Eis que o sujeito voltou a ser ignorado, e pelo recorte histórico, podemos mencionar o regime soviético com a ideologia comunista em voga, com seu estopim em 1917. Coletivizar e ignorar o indivíduo. Apenas o coletivo importava, e não o que cada um pensava. Mas, décadas depois, o ditador Stalin, com seu stalinismo, sufocou de vez a ideia de indivíduo. A ideologia extrema explanava que os filhos pertenciam ao Estado, e não aos pais. A juventude deveria servir ao “bem” comum, onde o sujeito perdia sua identidade e era fundido ao coletivo. O nazismo também pregava essa noção de coletividade exacerbada e abraçar a juventude era essencial – mais fácil domar mentes precoces, o mesmo modelo das religiões/doutrinações fundamentalistas, por isso os regimes que, como o comunismo (esquerda), stalinismo (esquerda), fascismo (esquerda ou direita) e nazismo (direita), são religiões históricas/políticas, moldando o coletivo desde cedo, em nome de uma “verdade” só, uma doutrinação político-ideológica. No regime macabro de Stalin, cerca de 20 milhões de indivíduos (que faziam parte do povo soviético, inclusive) foram exterminados, em nome da coletivização completa dos sujeitos – pensar diferente do partido era igual morrer. Em 1956 um membro do Partido Comunista, abriu o bico, falando ao mundo sobre os extermínios no regime stalinista. Seu nome era Nikita Kruschev.

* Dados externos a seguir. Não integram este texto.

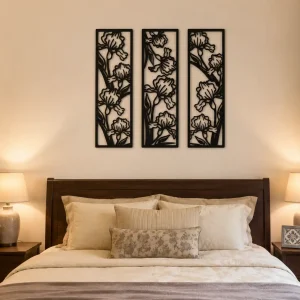 Floral Iris 3 Panel Wall Art Floral Iris 3 Panel Wall Art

As idas e voltas no historiar nos parágrafos anteriores têm a função de situar a leitora e o leitor com nossa realidade atual. De acordo com José Pio Martins, estamos numa era de Morte do Indivíduo. Se antes Deus morreu, hoje, o sujeito morre. E que tipo de morte é essa? Literal? Simbólica?

No Brasil, por volta de 60.000 indivíduos são assassinados a cada ano. Número brutal que supera muitas guerras recentes. São mortes reais, literais. Essas matanças deveriam causar indignação, sem dúvida – no entanto, essas vidas ceifadas são mescladas a nação, onde um sujeito morto a mais, não faz diferença. Se coletivizou a ideia de morrer, e a morte, passou a ser banalizada de vez, pois se tornou um cotidiano que “ninguém” liga. Nesse sentido, a morte vai além da física, ela se torna simbólica. Tanto faz se fulano morreu ou ciclano, no conjunto, são ignorados. Martins adiciona: “Eu não valho nada, você não vale nada. Somos todos descartáveis.”

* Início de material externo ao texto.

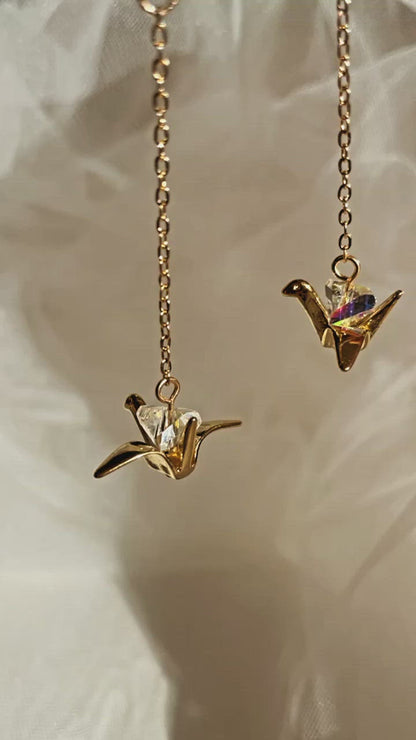 Paper Crane Earrings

Se Deus foi morto, o sujeito morreu de vez também – em nome do eclipse da coletividade absoluta do indivíduo.

Referências bibliográficas e periódico:

MARTINS, José Pio. A morte do indivíduo. Leituras na história, São Paulo: Escala, ed. 101, p. 46-47, 2017.

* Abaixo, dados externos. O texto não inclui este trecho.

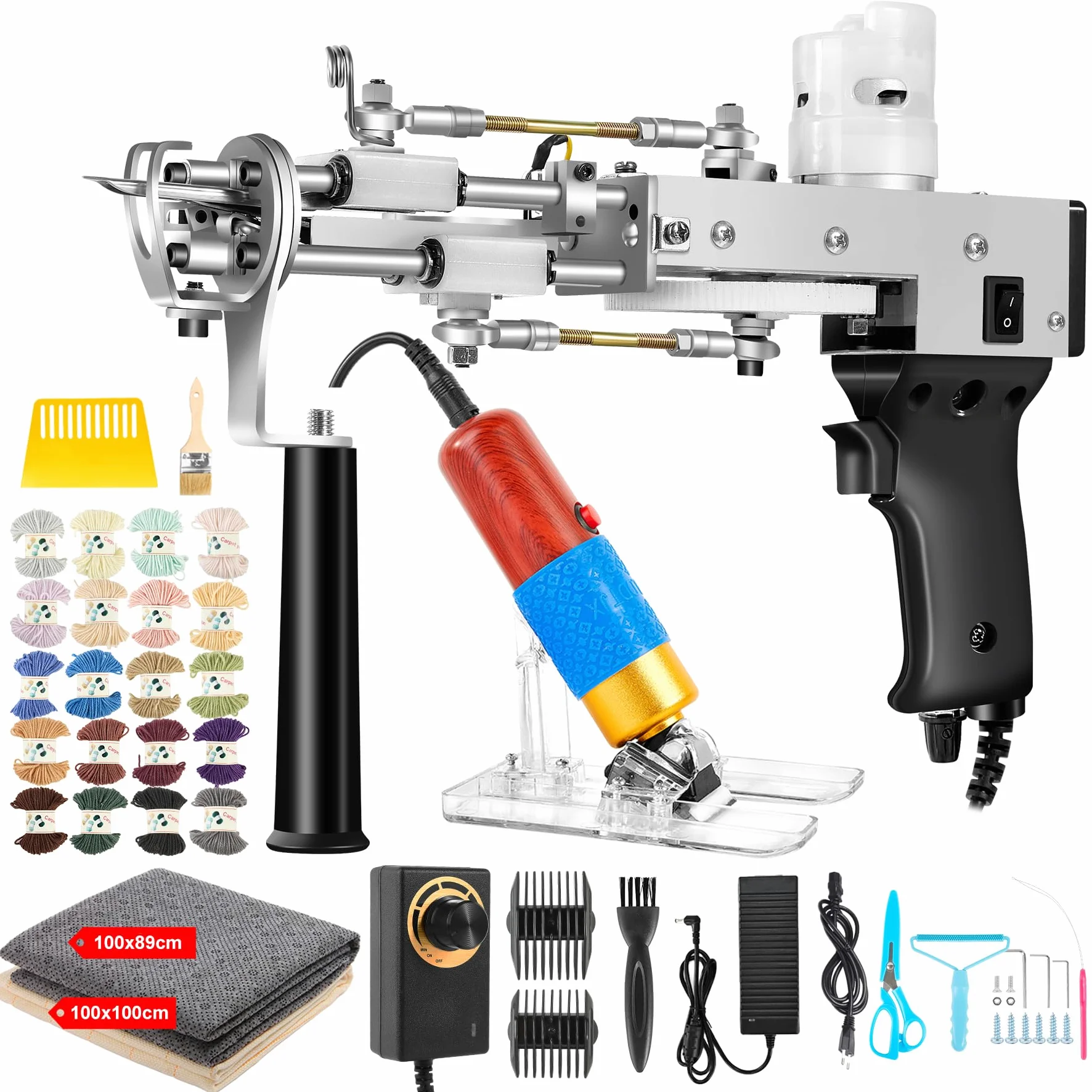 Vehipa Set di tufting con trimmer, 2 in 1 Cut Loop Pile Tufting Gun&Carving Clippers, Rug Maker Machine Starter Kit& Trimmer& Cloth& Yarn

NIETZSCHE, Friederich Wilhelm. A Gaia ciência. Trad. Antonio Carlos Braga. 2. ed. São Paulo: Escala, 2008. (Coleção Grandes Obras do Pensamento Universal, v. 45).

______. Assim falava Zaratustra: um livro para todos e para ninguém. Trad. Ciro Mioranza. São Paulo: Escala, [2007?]. (Coleção Grandes Obras do Pensamento Universal, v. 1).